A alavancagem pode ser um grande problema nos FIIs. Não tão grande como nesses fundos que abordamos anteriormente, claro. No entanto, mesmo em fundos sólidos, de casas consolidadas e com gestores geniais, o buraco na rodovia pode ser encontrado. 

O caso do XPPR11 (atualmente negociado sob o ticker VPPR11) é um exemplo clássico de como a alavancagem pode se tornar o "punhal no volante" em um Fundo Imobiliário.

O problema central foi o uso agressivo de dívida para adquirir imóveis em um momento de juros baixos, o que se tornou insustentável quando o cenário macroeconômico mudou. 

O fundo adquiriu diversos ativos de lajes corporativas utilizando CRIs (Certificados de Recebíveis Imobiliários) — ou seja, endividamento. 

A dívida foi estruturada com taxas atreladas ao CDI mais um prêmio fixo, em uma época de juros baixos. Com a subida rápida da taxa Selic (que saiu de 2% a.a. para os atuais 15% a.a.), o custo do serviço dessa dívida disparou. Ao mesmo tempo, muitos escritórios foram fechados por conta da pandemia de Covid-19, e a vacância aumentou — a tempestade perfeita se formou. 

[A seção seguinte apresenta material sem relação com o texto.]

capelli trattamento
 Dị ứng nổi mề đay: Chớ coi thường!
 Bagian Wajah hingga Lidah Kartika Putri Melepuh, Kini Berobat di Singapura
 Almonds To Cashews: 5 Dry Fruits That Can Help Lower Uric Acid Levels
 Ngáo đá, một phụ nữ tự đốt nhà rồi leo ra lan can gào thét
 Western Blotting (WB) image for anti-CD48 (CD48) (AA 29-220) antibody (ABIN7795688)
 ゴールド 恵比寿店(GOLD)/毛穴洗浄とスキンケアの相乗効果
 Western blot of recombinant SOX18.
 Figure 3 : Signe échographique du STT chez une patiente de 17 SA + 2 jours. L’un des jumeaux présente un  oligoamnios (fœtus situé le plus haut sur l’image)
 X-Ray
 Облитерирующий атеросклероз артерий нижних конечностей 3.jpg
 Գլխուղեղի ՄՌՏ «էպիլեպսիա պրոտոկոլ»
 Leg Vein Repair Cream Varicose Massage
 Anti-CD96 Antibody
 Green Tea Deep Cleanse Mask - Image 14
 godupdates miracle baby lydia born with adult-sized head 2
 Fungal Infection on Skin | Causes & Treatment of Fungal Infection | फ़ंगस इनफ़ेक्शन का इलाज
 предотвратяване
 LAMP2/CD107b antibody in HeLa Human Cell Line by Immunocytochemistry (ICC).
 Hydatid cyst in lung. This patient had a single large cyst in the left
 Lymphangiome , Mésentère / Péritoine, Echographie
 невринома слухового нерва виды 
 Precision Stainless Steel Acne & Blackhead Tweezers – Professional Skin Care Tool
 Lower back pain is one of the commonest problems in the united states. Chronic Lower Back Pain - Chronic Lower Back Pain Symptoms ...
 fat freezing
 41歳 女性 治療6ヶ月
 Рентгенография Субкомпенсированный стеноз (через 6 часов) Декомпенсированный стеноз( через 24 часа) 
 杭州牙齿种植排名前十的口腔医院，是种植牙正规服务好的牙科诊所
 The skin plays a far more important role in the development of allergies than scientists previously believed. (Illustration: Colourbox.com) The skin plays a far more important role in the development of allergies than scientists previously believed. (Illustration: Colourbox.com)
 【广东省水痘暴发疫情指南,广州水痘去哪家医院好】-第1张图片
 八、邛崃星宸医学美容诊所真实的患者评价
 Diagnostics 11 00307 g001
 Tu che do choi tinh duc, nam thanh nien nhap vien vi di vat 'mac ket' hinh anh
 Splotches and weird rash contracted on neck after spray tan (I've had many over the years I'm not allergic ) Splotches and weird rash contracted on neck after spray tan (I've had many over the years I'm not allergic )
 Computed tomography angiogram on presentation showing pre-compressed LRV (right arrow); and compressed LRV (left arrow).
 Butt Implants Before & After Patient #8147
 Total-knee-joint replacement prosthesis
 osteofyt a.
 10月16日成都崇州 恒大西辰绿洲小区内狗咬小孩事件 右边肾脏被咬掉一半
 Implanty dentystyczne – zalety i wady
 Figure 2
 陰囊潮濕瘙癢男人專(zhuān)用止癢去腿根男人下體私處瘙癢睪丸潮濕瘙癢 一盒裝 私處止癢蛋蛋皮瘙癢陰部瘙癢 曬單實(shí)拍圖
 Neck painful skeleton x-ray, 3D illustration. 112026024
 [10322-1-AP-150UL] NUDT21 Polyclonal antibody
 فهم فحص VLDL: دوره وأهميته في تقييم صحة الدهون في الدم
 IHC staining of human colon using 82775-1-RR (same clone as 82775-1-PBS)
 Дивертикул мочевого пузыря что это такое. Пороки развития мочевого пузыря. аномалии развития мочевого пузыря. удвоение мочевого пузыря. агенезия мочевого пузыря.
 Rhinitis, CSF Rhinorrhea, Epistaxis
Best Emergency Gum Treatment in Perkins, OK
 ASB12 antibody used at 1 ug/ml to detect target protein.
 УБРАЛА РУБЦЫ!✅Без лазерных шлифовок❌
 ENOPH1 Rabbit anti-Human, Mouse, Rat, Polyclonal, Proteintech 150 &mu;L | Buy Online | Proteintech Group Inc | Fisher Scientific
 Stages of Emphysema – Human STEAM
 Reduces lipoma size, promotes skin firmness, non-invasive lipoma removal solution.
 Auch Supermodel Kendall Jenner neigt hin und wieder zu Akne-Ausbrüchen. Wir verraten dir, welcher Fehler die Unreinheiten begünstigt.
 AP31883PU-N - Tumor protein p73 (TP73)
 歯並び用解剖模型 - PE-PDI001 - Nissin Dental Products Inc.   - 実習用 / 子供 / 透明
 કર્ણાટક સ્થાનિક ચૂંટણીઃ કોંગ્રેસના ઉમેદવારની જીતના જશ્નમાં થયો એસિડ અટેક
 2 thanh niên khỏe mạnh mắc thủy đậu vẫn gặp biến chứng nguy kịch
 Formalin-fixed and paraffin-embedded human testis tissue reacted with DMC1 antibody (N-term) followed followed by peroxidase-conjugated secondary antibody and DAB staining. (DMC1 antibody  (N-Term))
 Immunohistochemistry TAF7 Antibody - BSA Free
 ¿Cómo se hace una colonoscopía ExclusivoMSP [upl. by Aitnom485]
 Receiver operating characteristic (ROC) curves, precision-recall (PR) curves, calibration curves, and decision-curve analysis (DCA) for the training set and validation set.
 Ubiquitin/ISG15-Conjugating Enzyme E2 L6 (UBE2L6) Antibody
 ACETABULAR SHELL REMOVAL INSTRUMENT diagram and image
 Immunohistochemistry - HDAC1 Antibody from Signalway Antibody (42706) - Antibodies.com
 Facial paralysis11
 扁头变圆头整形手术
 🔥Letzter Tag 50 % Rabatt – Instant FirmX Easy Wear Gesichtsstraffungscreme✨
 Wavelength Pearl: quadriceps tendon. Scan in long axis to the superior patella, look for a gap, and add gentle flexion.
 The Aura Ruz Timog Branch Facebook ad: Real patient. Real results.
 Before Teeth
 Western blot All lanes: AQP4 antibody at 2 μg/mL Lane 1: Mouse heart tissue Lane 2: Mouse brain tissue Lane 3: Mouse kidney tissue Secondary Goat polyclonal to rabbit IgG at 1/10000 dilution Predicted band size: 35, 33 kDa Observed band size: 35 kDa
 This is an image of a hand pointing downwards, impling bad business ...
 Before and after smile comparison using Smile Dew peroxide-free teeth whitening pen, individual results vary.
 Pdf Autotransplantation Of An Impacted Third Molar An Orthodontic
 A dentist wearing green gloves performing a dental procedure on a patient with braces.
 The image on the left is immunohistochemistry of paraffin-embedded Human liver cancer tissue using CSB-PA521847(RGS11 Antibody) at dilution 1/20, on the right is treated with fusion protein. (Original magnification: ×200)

As despesas financeiras passaram a consumir quase toda a geração de caixa do fundo (que havia diminuído bastante por conta da pandemia), reduzindo drasticamente os rendimentos distribuídos aos cotistas, até que os rendimentos foram zerados e o patrimônio líquido começou a ser consumido pelo serviço da dívida.

Os cotistas perderam as esperanças, venderam suas cotas e o valor de mercado do fundo desabou.

Considerações finais: esperança não é estratégia

Afinal, na Caixa de Pandora, será que a esperança foi preservada porque ficou presa ou ficou presa para que também servisse como armadilha?

Se a esperança foi preservada como último consolo, ela é o antídoto psicológico para tornar o sofrimento suportável. Se ficou presa como outra armadilha, o objetivo é manter as pessoas insistindo no erro, mesmo quando a realidade já cobra um preço alto demais. 

O mito não entrega uma resposta confortável; ele força a ambivalência. E é justamente aí que o mito atravessa os séculos, porque aborda um tema que reconhecemos no mundo real: a falibilidade humana. Decisões que parecem oportunas em um momento podem liberar efeitos em cadeia difíceis de reverter. 

Depois que a tampa abre, o problema não é apenas o que sai — é o que muda dentro de nós: a percepção de risco, a tentação de achar que “dessa vez é diferente”.

Muitas vezes, a esperança quer nos manter no erro. Mas não se esqueça: aprender com os erros é divino!